The first three-day Rasmussen head-to-head tracking poll in 2012 (taken January 19-21) found 46 percent of voters supporting President Obama to 43 percent supporting Governor Romney, a three-point spread.
In Rasmussen’s most recent May 18-20 poll, 47 percent favored the president, 44 percent the governor, also a three-point spread – zero change in four months.
I am not saying that Mr. Obama has been ahead throughout. Since March 1st, the race’s lead position has switched sixteen times. Today the president is ahead. Last week Mr. Romney was. But almost all this movement has been within polling’s margin of error.
But even if nothing has changed, signs are that everything is in the process of changing.
It is classic campaign strategy to lock up your base early. That’s what the White House has been up to for several months now. Take the “war on women,” the Obama campaign’s charge that Republicans don’t care about the concerns of female voters. It is not often that a presidential campaign theme backfires. For the most part, messaging at this level is not left to chance. Nothing gets said that hasn’t been tested thirty different ways.
So it’s a surprise that polls are suggesting that the “war on women” theme may have weakened the Democrat’s hold on the women’s vote. According to this morning’s Gallup tracking poll, the president is now trailing among non-minority women overall, receiving support from 42 percent as against 50 percent for Governor Romney.

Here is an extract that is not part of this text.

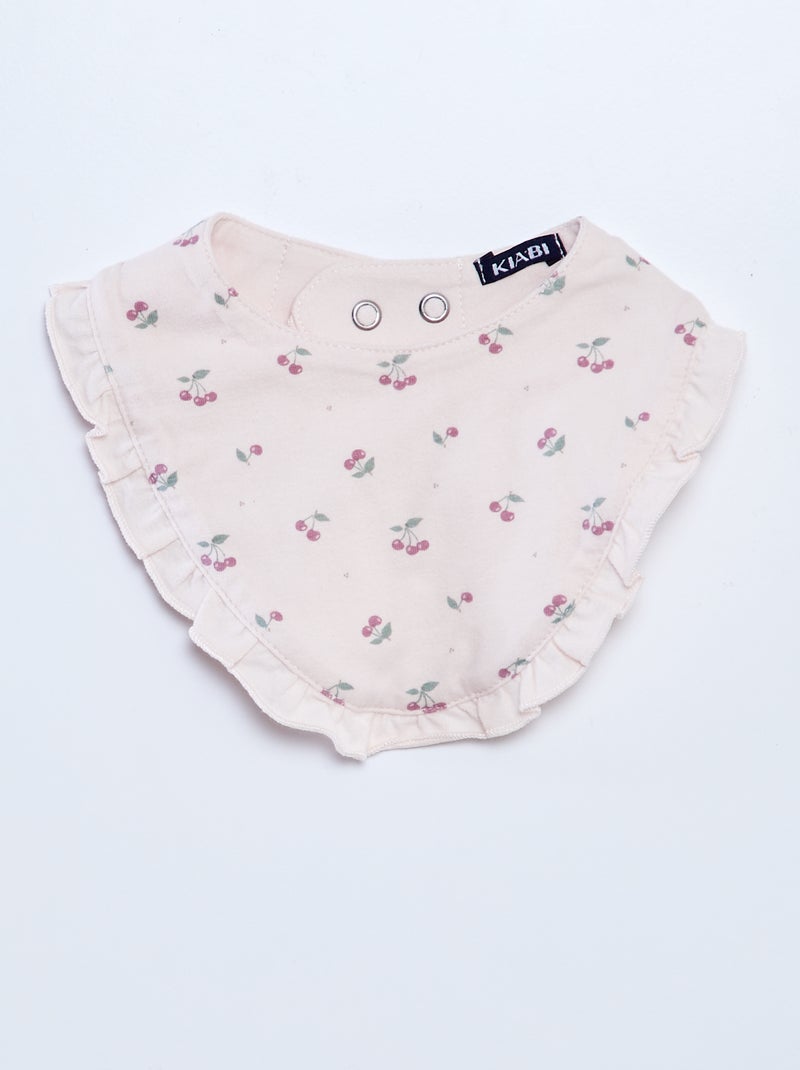 Completo tutina + Body + bavaglino - 3 pezzi ROSA - Kiabi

A clue as to why appeared on Sunday in, of all places, in The New York Times. In an op-ed (see http://tinyurl.com/d72fslw), Campbell Brown, former news anchor for CNN and NBC (and wife, she noted, of a Romney advisor), wrote with dismay of the president’s “paternalistic tone” in talking to women. The White House’s harping on contraceptives and abortion – the anchor of the “war on women” theme — has gone too far, Brown said. When she asked women she knew, she reported, “if contraception or abortion might be a major factor in their decision about this election,” all laughed.
Campbell concluded, “Most women don’t want to be patted on the head and treated as wards of the state. They simply want to be given a chance to succeed based on their talents and skills.”
The administration’s “war on the middle class” theme – as in, the Republicans are waging a “war on the middle class” – isn’t faring much better.
We’ve all seen the Obama campaign using Mr. Romney’s tenure at Bain Capital to brand the former governor king of the one percent, meaning of the very wealthy against whom the Occupy Wall Street crowd railed.
It must have seemed like a good idea at the time, but identifying himself with Occupy Wall Street was among the president’s least astute moves of the year. With their interminable squatting in public parks and sanctimonious agenda of entitlement, the occupiers have disgusted more and more Americans as the year has progressed. By rioting at the NATO summit in Chicago this week, they seem determined to turn themselves into another kind of one percent, uniting 99 percent of the country in revulsion against them and their ways.
Over the weekend, the administration’s effort to turn the spotlight on Romney’s business career backfired badly in another way, as Newark, New Jersey’s widely admired mayor and Obama spokesman Cory Booker labeled the attacks on Bain Capital and the private equity industry “nauseating.” Following an apparent White House tongue lashing, Booker reversed himself only to have another popular African-American Democrat, former Congressman Harold Ford, Jr., announce he agreed with “the substance” of Booker’s initial remarks, adding he “would not have backed down.”
But over the next few months, the recent development that may most minimize the force of the White House’s “war on the middle class” theme has been the publication of a groundbreaking academic study.
The authors are a team of Cornell and Indiana university economists who have spent years digging into individual and household income statistics. They have found that the administration’s portrait of stagnation for the middle versus soaring splendor for the rich rests on incomplete income data. It fails to account for family and household arrangements, non-cash benefits and income transfers and the impact of ever changing tax law. Rather than stagnating, they discovered, the income of median American households rose a healthy 36.7 percent between 1979 and 2007. Inequality of incomes, they reported, “hasn’t increased very much since 1993.” (see http://tinyurl.com/bps9qsn)
Here is a truth of America politics: It is almost impossible for a candidacy to survive the collapse of the factual and moral case on which it rests.
So nothing has changed since January, except, perhaps, everything.